Co składa się na wartość pomocy udzielonej przez Kościół?
Jak czytamy w opracowaniu monografii, wartość pomocy netto udzielanej przez badane jednostki katolickie na terenie dzielnicy Bielany m.st. Warszawy w 2022 roku wyniosła 6,8 mln zł (minimum). Autorzy zaznaczają, że jeśli weźmie się pod uwagę kwotę, o jaką zredukowano użytkowanie przestrzeni lokalowych w jednostkach badanych, aby działalność pomocowa mogła być realizowana, koszty związane z zapewnieniem transportu, koszty związane z organizacją pomocy – wartość pomocy osiągnie 7,5 mln zł (minimum).
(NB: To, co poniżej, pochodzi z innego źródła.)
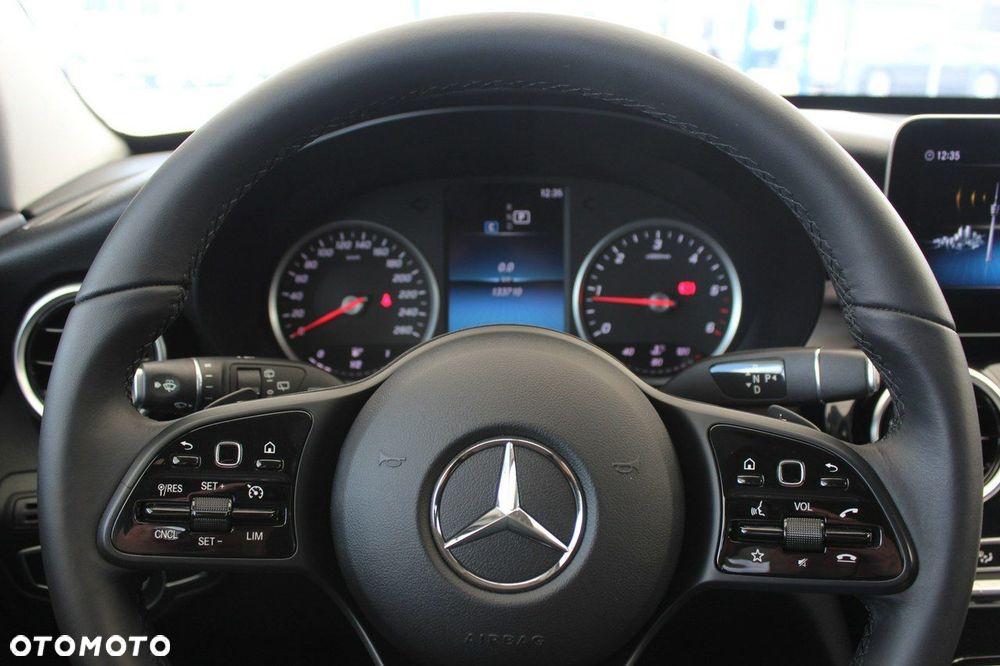 Mercedes-Benz Klasa C 200 d T 9G-TRONIC Exclusive - 13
W puli ocenianych środków jest też zaangażowanie wolontariuszy. Jak czytamy, to oni na działania pomocowe poświęcili łącznie 62 324 godziny, co daje około 7,1 roku. Gdyby pomnożyć ilość godzin przez minimalną stawkę godzinową, jaka obowiązywała w 2022 roku, czyli 19,70 zł, otrzymalibyśmy kwotę około 1,23 mln zł. I o taką kwotę należałoby powiększyć owe 7,5 mln zł - podsumowują autorzy badania.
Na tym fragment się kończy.